Compound Eval for Atomic UI Chains
When multiple UI interactions must happen without a roundtrip gap (e.g., to avoid the auto-lock
timer or avoid stale refs), chain them in a single eval call:
(function() {
const openBtn = Array.from(document.querySelectorAll('button'))
.find(b => b.textContent.includes('Open Preferences'));
if (!openBtn) return {error: 'button not found'};
openBtn.click();
const tab = Array.from(document.querySelectorAll('[role="tab"]'))
.find(t => t.textContent.trim() === 'Security');
if (!tab) return {error: 'tab not found'};
tab.click();
const cb = Array.from(document.querySelectorAll('input[type="checkbox"]'))
.find(el => el.labels?.[0]?.textContent?.trim() === 'Lock after inactivity');
if (!cb) return {error: 'checkbox not found'};
cb.scrollIntoView({block: 'center'});
return {checkboxChecked: cb.checked};
})()
Use this pattern when:
- The idle timer is short and would fire between steps
- You need to read state immediately after opening a dialog (before refs can go stale)
- You're verifying that a setting persisted after Save + re-open in one shot
Capture A Screenshot
Use agent-browser's screenshot flow after the app is in the exact state the user cares about. Prefer this over describing the UI from memory.
End The Session
Always stop the dev session before finishing the task:
cmd.exe /c bun run agent:dev:stop
Optional:
cmd.exe /c bun run agent:dev:stop -- --keep-sandbox
Stopping is not optional cleanup. It kills both long-lived Windows process roots and removes sandbox state unless told otherwise.
Sandbox Semantics
- Default mode is sandboxed.
- Sandbox paths live under
.agent-dev/sandbox/.
- Start seeds
config.json with a single sandbox journal on first run, so the app does not fall back to the journal picker.
MINI_DIARIUM_DATA_DIR points directly at the sandbox diary dir, while the seeded app config gives the frontend an active journal selection.
- WebView storage is isolated under the sandbox too, so preferences and other
localStorage state start clean on a fresh sandbox.
- First launch against an empty sandbox lands on journal creation.
- Reusing the same sandbox lands on password unlock.
- Use
--use-real-config only when the bug depends on the user's actual app state.
Troubleshooting
- Start can take 30-90 seconds on a cold build. Use
--timeout 180 if Rust rebuilds are expected.
- If port
9222 is already taken, restart with --port 9223 and connect agent-browser to that port.
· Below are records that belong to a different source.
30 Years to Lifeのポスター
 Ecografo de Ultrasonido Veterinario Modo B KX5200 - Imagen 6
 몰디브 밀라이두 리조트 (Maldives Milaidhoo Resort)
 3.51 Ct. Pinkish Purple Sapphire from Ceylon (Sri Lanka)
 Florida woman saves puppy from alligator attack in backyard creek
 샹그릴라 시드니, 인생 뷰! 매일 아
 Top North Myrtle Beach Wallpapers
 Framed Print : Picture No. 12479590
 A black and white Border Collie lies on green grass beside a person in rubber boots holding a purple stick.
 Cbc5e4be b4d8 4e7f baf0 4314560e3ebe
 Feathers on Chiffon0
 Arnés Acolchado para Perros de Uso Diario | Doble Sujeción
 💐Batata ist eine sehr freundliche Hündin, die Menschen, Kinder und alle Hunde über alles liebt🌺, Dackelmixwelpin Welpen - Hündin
- If start succeeds but the page target is not immediately recorded, run
cmd.exe /c bun run agent:dev:probe. Probe resolves the current page target from the live /json list.
- If probe says
cdp unreachable, inspect .agent-dev/dev.log.
- If probe says the managed PIDs are not alive, the dev session is gone. Start a new one.
- If a stop attempt fails, do not delete
.agent-dev/state.json by hand until you understand which root is still alive.
- Journal locks repeatedly during session: If the app is configured with a short
autoLockTimeout (< 30 s), the idle timer fires between CDP roundtrips. eval calls do not count as user activity. Patch autoLockTimeout to 600 in localStorage immediately after the first unlock (see "Read Or Verify Preferences" recipe above).
What This Skill Does Not Do
- It does not replace WDIO or CI E2E coverage.
- It does not support production builds.
- It does not support macOS or Linux.
- It does not bundle browser automation itself; it relies on the separate
agent-browser capability after startup.